* [Records for this task]:
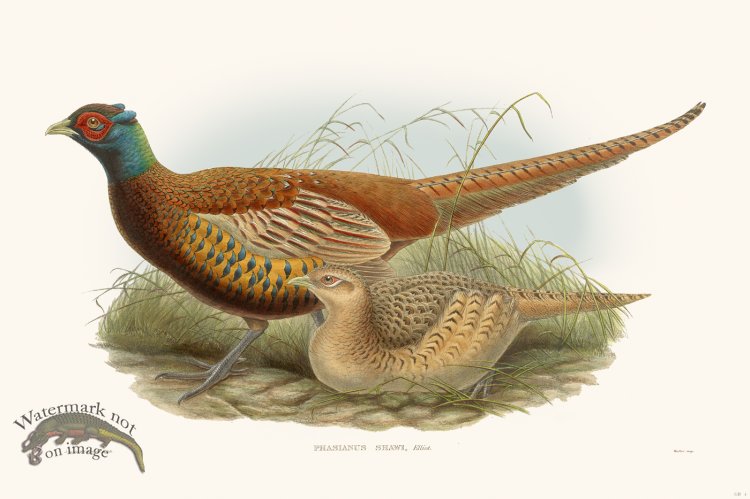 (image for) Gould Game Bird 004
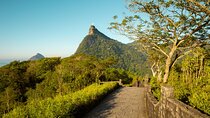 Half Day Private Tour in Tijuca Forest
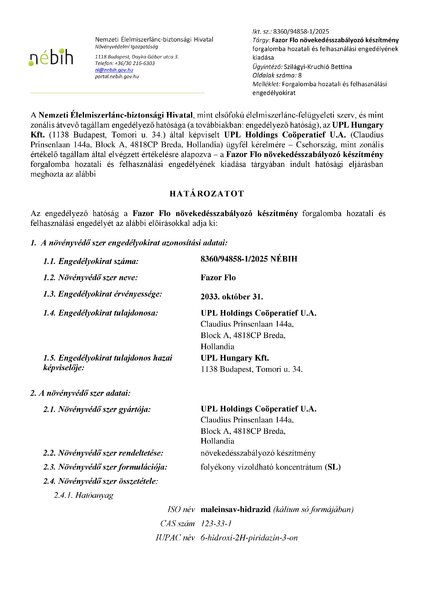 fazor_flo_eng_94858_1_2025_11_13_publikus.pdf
* * *
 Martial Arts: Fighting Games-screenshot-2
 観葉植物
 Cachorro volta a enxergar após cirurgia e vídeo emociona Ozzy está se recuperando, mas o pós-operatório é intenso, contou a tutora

* [Work instruction]: Transcribe, from the material above, the stretch starting at the line with "(image for) Gould Game Bird 004" and ending at the line with "fazor_flo_eng_94858_1_2025_11_13_publikus.pdf", both included, exactly. Do not carry over pictures.

* [Response area]:
 (image for) Gould Game Bird 004
 Half Day Private Tour in Tijuca Forest
 fazor_flo_eng_94858_1_2025_11_13_publikus.pdf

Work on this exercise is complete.